The messiness began in the 73rd minute with a foul in the box by Nigeria’s Ngozi Ebere, which, after a delay for the VAR review, was called (probably rightfully) as a penalty.
When Renard stepped up to try and break the tie, she smacked it off the post, which kept Nigeria’s hopes of a draw alive. The reason she got to try it again was that Nigeria goalkeeper Chiamaka Nnadozie stepped just a few inches off her line before the shot. After another review, that led to a retake.
Renard didn’t screw up the retake, which meant that six minutes after the original foul was whistled, her goal went in and held up as the winner.
As with most VAR calls, the specific call made is technically correct—Nnadozie broke the rules and got the appropriate punishment for it, even though she didn’t save the kick in question. But, much like the struggles that baserunners had staying on the bag 100 percent of the time when MLB implemented their own replay review, the expectation that goaltenders stay flawlessly on their line during the run-up for a PK contradicts decades of tradition. This is a longstanding rule, and the call has been made in the past, but only when the infraction is obvious to the naked eye in real time. Here as elsewhere, video review doesn’t result in more “correct” calls so much as it causes a fundamental shift in how we perceive the game.

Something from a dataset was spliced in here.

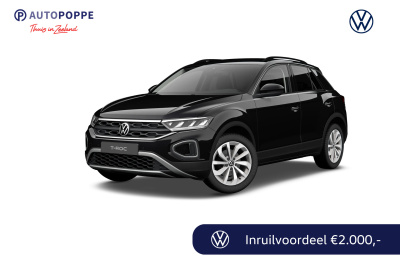 Volkswagen T-roc 1.0 tsi 116 6mt life edition | 'app-connect' draadloze smartphone integratie | 'app-connect' smartphone integratie | afstandscontrolesysteem (front assist)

Anyway, if there’s going to be a newfound focus on enforcing all of the rules perfectly, why not this one too?
Thanks to an infraction of few inches called in one spot of the pitch, and another infraction of few inches not called elsewhere, Nigeria are now in for a very nervy next few days scoreboard-watching Argentina, Cameroon, and Chile. Just because it’s all technically correct doesn’t mean it feels right.